BIBLIOGRAPHY

BIBLIOGRAPHY

Art Music by Caribbean Composers:

Jamaica

 

Christine Gangelhoff

Cathleen LeGrand

The College of The Bahamas[1]

 

Introduction

Jamaica is among the Caribbean islands that Columbus claimed for Spain.  The island was captured by the British in 1655 and remained a British colony until its independence in 1962 (Jamaica, 2005).  Jamaica was settled by Europeans who brought in a large number of African slaves to perform agricultural work, mainly on sugar plantations.  Workers from Asia, predominantly from India and China, who arrived after Emancipation also contribute to the nation's diversity.  In response to its rich diversity, the motto of Jamaica is: Out of Many, One People.

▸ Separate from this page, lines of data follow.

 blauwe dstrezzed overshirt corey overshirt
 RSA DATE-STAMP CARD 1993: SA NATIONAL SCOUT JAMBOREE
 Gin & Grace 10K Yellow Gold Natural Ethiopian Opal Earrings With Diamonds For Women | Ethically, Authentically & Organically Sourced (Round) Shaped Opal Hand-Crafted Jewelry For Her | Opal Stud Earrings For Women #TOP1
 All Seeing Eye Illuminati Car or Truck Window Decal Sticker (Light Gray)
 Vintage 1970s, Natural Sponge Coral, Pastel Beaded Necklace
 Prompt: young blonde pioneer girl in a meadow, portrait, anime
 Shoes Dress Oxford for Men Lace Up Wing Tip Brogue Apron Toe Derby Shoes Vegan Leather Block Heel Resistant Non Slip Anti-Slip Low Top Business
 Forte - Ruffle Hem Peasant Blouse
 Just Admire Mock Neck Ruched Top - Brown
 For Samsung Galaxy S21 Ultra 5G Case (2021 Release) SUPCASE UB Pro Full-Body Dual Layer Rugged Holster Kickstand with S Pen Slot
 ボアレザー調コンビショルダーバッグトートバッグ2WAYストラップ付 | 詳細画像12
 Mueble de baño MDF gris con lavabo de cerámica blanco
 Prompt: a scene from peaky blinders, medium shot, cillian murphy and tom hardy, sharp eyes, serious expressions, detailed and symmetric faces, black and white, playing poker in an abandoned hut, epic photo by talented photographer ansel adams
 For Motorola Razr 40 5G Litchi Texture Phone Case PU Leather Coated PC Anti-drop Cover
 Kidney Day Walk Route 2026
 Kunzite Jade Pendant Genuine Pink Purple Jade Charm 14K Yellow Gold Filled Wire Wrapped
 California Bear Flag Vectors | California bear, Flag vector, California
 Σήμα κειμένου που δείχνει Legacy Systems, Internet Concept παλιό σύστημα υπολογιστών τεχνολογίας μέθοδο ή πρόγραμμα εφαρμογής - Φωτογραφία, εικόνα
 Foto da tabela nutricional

"Jamaican music is as varied as the people who inhabit the island... [M]uch folk music retains features and functions of black African music, blended with elements of European (primarily British) music" (Lewin & Gordon, 2007-2011).  Jamaican musical genres, such as ska, rocksteady, reggae, and dancehall, are popular and influential internationally.

 

The classical music tradition in Jamaica dates back to the 18th century.  The "first oratorio written in the Americas," Jonah, was composed by Samuel Felsted sometime around 1773 (Lumsden, 2004).  Sir Frederic H. Cowen, the most prolific Jamaican classical composer, created a long list of works including several operas.  Cowen moved to England during his youth and, in addition to composing, had a notable career as a performer and conductor (Lumsden, 2003).  Peter Ashbourne is the most versatile of the younger generation of composers born and living in Jamaica.  One of his recent works, Mikey, a reggae opera, displays his innovative approach to composition.  Ashbourne points out that "when you consider that, in terms of popular culture, Jamaica has an unusually high profile, [and] art music is easily overshadowed by the more conspicuous and populist genres.  There is very little in the way of financial support [or] sponsored training [for art music]" (P. Ashbourne, personal communication, May 6, 2011).

 

Describing his compositional approach, Ashbourne states:

Jamaica is a small island in the Caribbean basin that is remarkably rich in folk material.  The quality and quantity are both impressive.  [This richness helps to explain] why I want to examine this folk tradition [as a] resource.  Some very interesting music can result when these tuneful, mostly diatonic melodies are subjected to various compositional techniques.  The tonal basis of this traditional music can be conveniently integrated with my current approach to the musical poles of tonality and atonality. (Personal communication, May 6, 2011)


Oswald Russell’s Three Jamaican Dances is an example of a classical work that incorporates folk music; the piece is based on Jamaican folk songs. Jamaican pianist Paul Shaw discusses the second movement, which is based on the folk song, Sammy Dead:

As simple as that folk song is, Oswald Russell takes the melody … he layers over it a rhythm (like this, an ostinato), and as it turned out from some of the research that I’ve done … that rhythm – you hear it in a lot of Caribbean music – comes all the way from West Africa (Shaw, 2010).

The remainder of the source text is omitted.